I so wanted to like Anna. Really. Luc Besson is among my favorite filmmakers, despite his weaknesses as a storyteller, cultural insensitivity, and fondness for casting supermodels who can’t really act. Wait…maybe those are reasons why I like him?  He’s been doing the same thing for so many years we’re stunned when he does anything different. But Anna is not different. It’s the same. The same as numerous hot chick assassin movies Besson has done in an attempt to recapture what he found with 1990’s iconic La Femme Nikita, and then momentarily rediscovered with 2014’s Lucy.

There is, of course, a visceral reaction to watching a sexy killer mow her way through a bunch of armed goons, always dudes, mind you. But it’s fleeting if there isn’t more the story grapples with. It’s Besson’s idea of female empowerment, I guess, although the way his camera leers on his muse du jour, in this case Russian supermodel Sasha Luss, it sticks much closer to objectification.
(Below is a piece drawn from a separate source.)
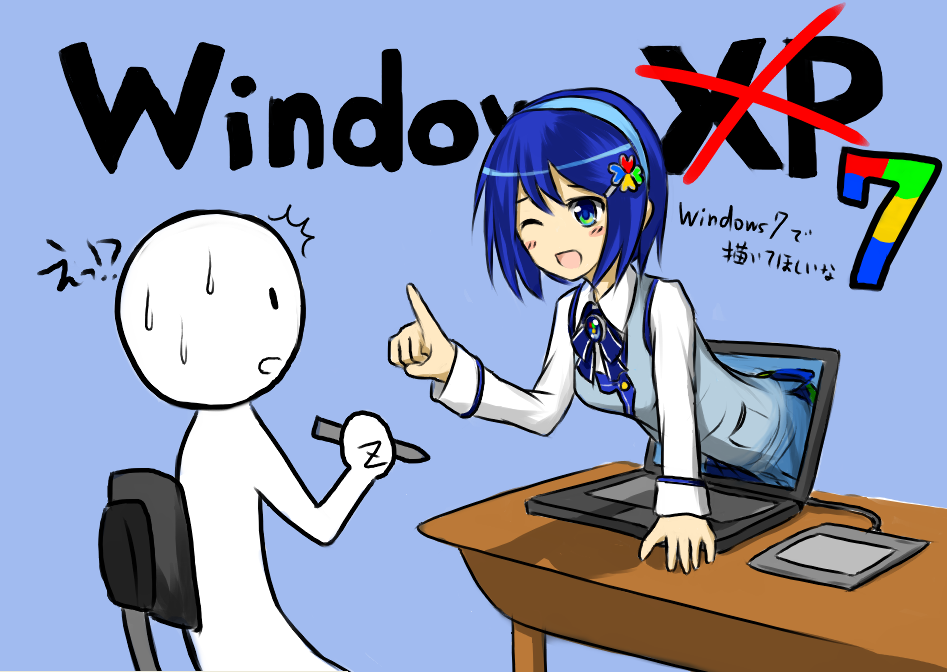 7-tan, blue_hair, hair_ornament, hairclip, notebook, translation_request, windows, zetto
Luss, who Besson discovered and gave a tiny role in his mega-blockbuster flop Valerian and the City of a Thousand Planets, plays the titular junkie whose analytical skills, calm under pressure, and outright desperation makes her the perfect KGB recruit. These things always start off with the woman in question being either a junkie or a whore, so they can be rescued and turned to a life of murder-for-hire, which seems like an upgrade from their previous predicament.

To the film’s benefit, the tables have been turned a little in that Anna is stuck in a war between governmental spy agencies in 1990. Recruited by an intense KGB spook named Alex (Luke Evans), Anna is given a choice to either serve her country or go on living in squalor. She proceeds to slit her own wrists rather than make a choice, followed by a hilariously long-winded conversation while she bleeds out. He wins her over, eventually, and before long she’s in Paris posing as a supermodel (stretch those wings!!) while working for a Russian assassin ring led by the cutthroat Olga, played by the great Helen Mirren styled to look like Linda Hunt with much the same ornery attitude.  Of course, this being a Besson film he has a certain dismissive idea of the CIA, led by a bored-looking Cillian Murphy (bored until he’s in a tight space with Luss, that is, then he perks up), who show up and make Anna’s life very complicated.
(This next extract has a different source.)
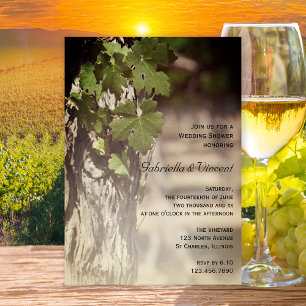 Grape Leaves Vineyard Winery Wedding Shower Invitation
So Anna is another in a long line of statuesque beauties with pouty lips and deadly aim. And Anna does kill a lot of men, usually set to whatever track Besson thinks is appropriate for the era, although a murder set to INXS’s “Need You Tonight” is a definite odd choice. However, if you want a dose of C&C Music Factory, you’ll get it here. There’s nothing here that keeps you gripped with suspense, no subtext, nothing. Frequent leaps in chronology to explain major plot twists may seem like a cool idea at first, until you realize it means nothing truly matters because of it. If it were used sparingly, that would be one thing, but quickly it becomes a narrative crutch that Besson leans on for the entire movie.
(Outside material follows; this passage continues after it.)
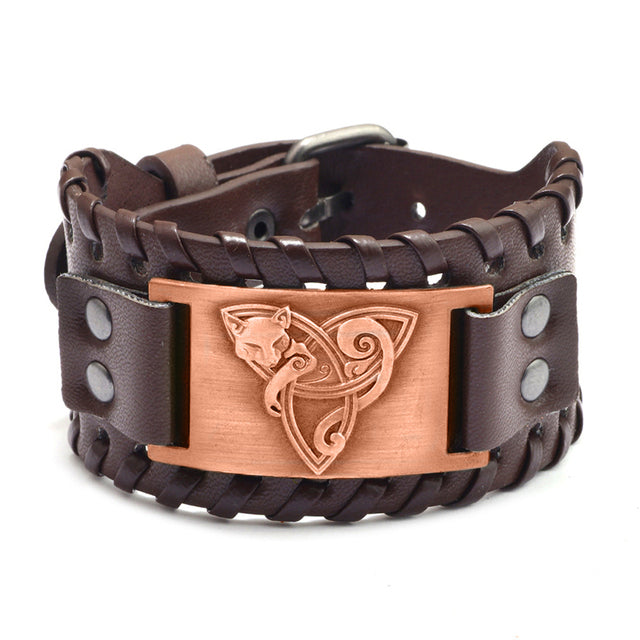 Odin Triangle Fox Men's Leather Bracelet - Viking Accessory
The action is standard and not up to par in today’s John Wick/Atomic Blonde era. Besson hasn’t improved on his techniques in the least, and I don’t hold Luss responsible for the bland fight choreography. She’s actually got a fair amount of charisma, athleticism, and isn’t untalented as an actress. But this is a Besson script, and he has never been able to create another female superstar since Milla Jojovich back in the ’90s. His lead females are all empty vessels, and sadly he only sees women as either seductresses or objects of desire. Mirren’s character explicitly lays this out at one point, calling Anna “useful as a honeytrap” and nothing. It’s like Besson is speaking through her. I would say Luss is deserving of better, and maybe in a future movie she’ll get it. But if Besson comes calling proposing Anna 2: The Revenge, she should politely refuse.